- TASK GOAL: In the records below, the relevant part opens with the line containing "La renovación de" and closes with the line containing "thumbnail image 2"; print that part exactly and only, without its pictures.

** Opening DATASET RECORDS block **

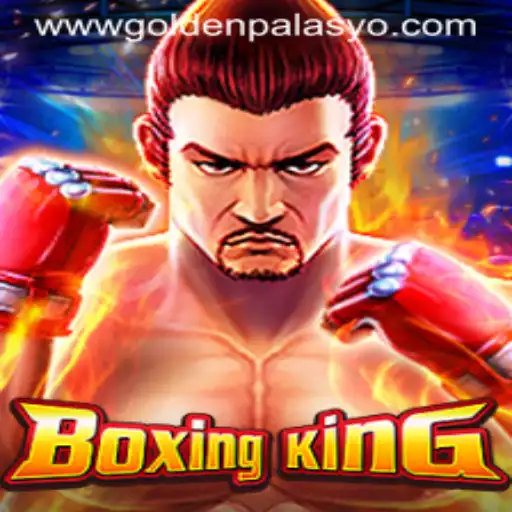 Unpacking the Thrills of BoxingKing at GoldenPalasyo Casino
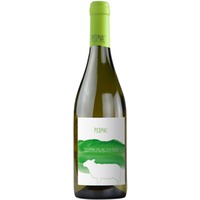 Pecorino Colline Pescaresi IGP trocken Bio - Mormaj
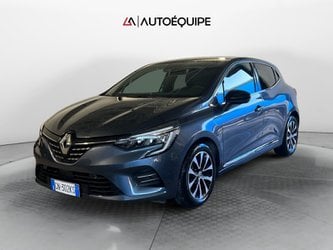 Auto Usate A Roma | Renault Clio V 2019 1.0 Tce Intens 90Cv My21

** Closing DATASET RECORDS block **
** Opening DATASET RECORDS block **

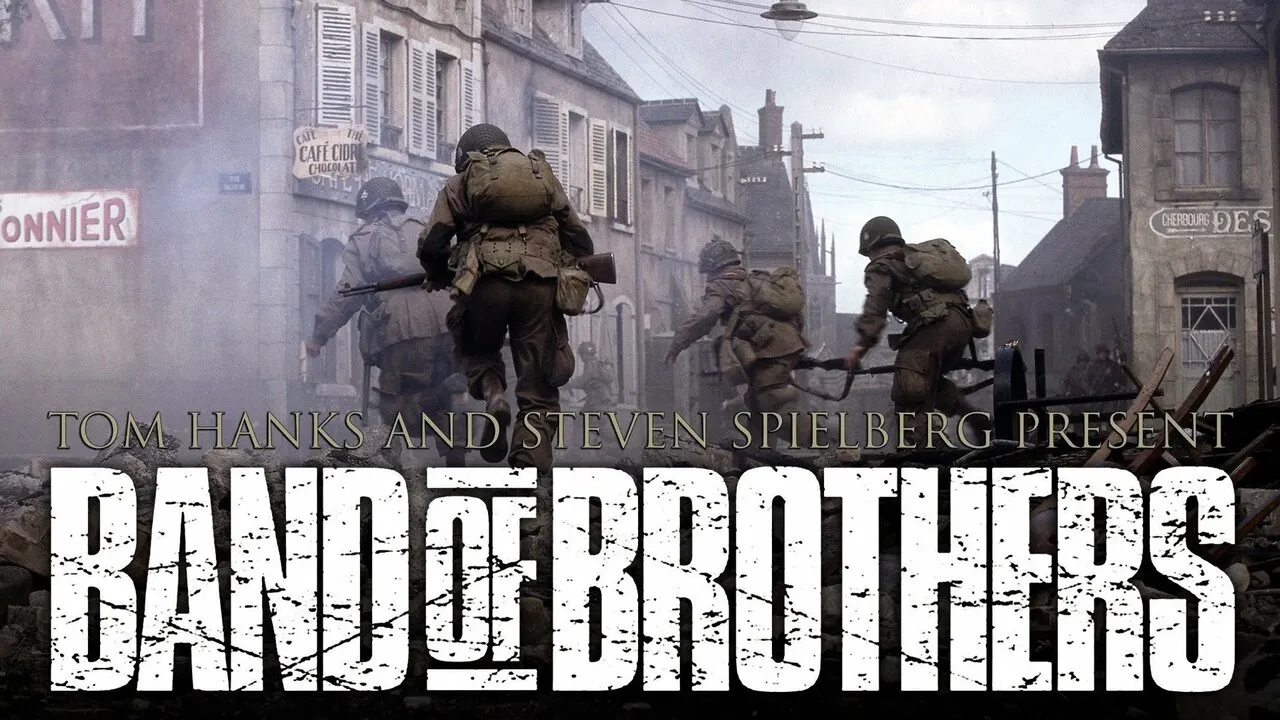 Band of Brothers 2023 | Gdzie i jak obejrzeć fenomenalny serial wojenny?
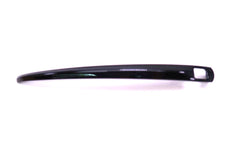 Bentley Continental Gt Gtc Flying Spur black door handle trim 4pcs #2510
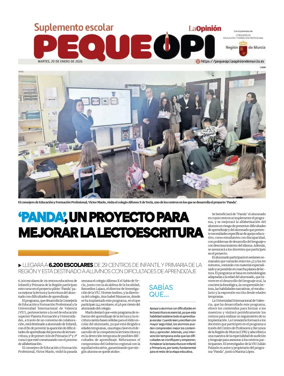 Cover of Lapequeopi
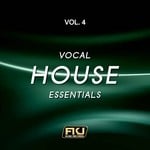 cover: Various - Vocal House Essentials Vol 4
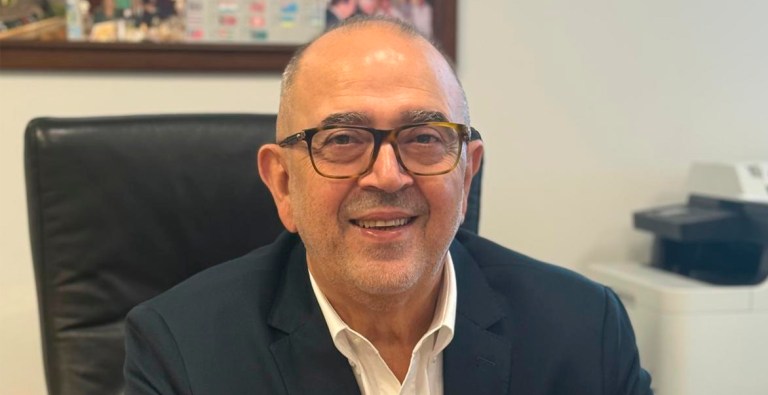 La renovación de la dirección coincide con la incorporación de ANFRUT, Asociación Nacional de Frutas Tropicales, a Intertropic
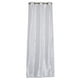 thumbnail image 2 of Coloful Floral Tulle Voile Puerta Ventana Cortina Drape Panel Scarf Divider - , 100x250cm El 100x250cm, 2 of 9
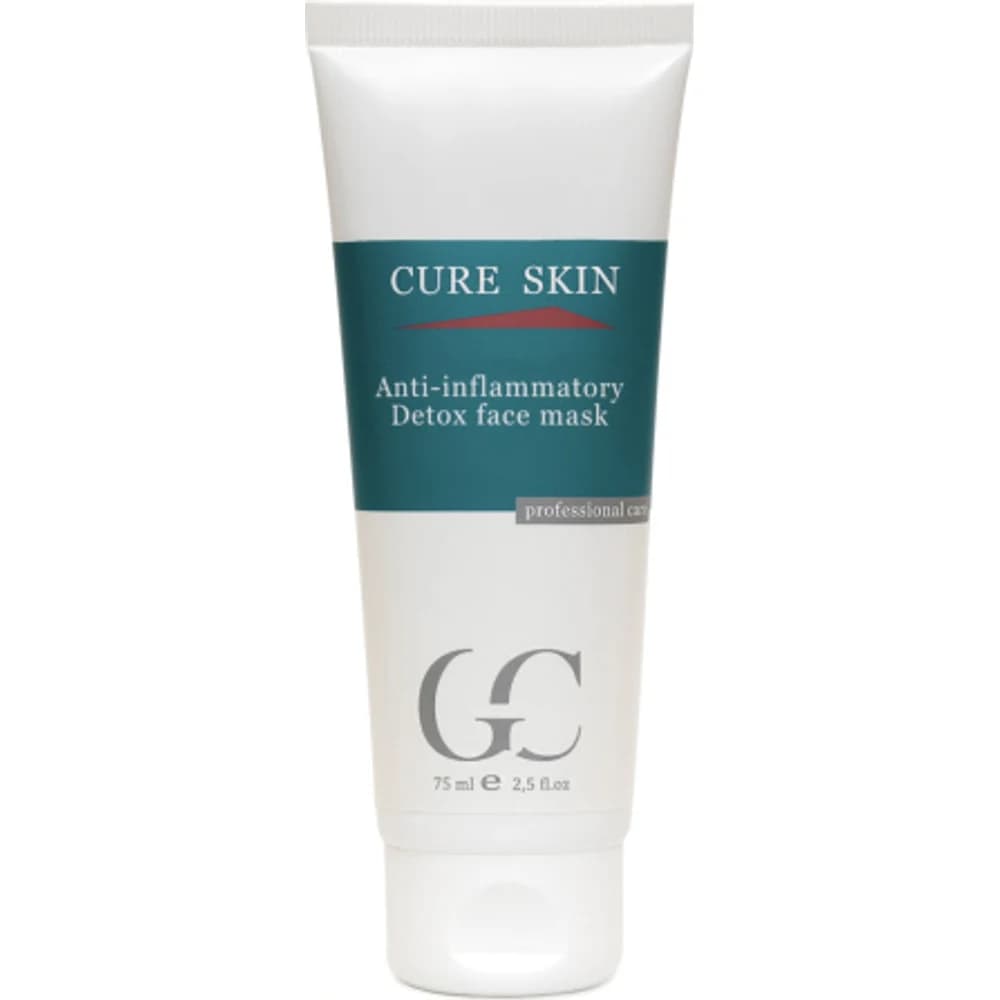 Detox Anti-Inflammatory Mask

** Closing DATASET RECORDS block **

- RESULT:
 La renovación de la dirección coincide con la incorporación de ANFRUT, Asociación Nacional de Frutas Tropicales, a Intertropic
 thumbnail image 2 of Coloful Floral Tulle Voile Puerta Ventana Cortina Drape Panel Scarf Divider - , 100x250cm El 100x250cm, 2 of 9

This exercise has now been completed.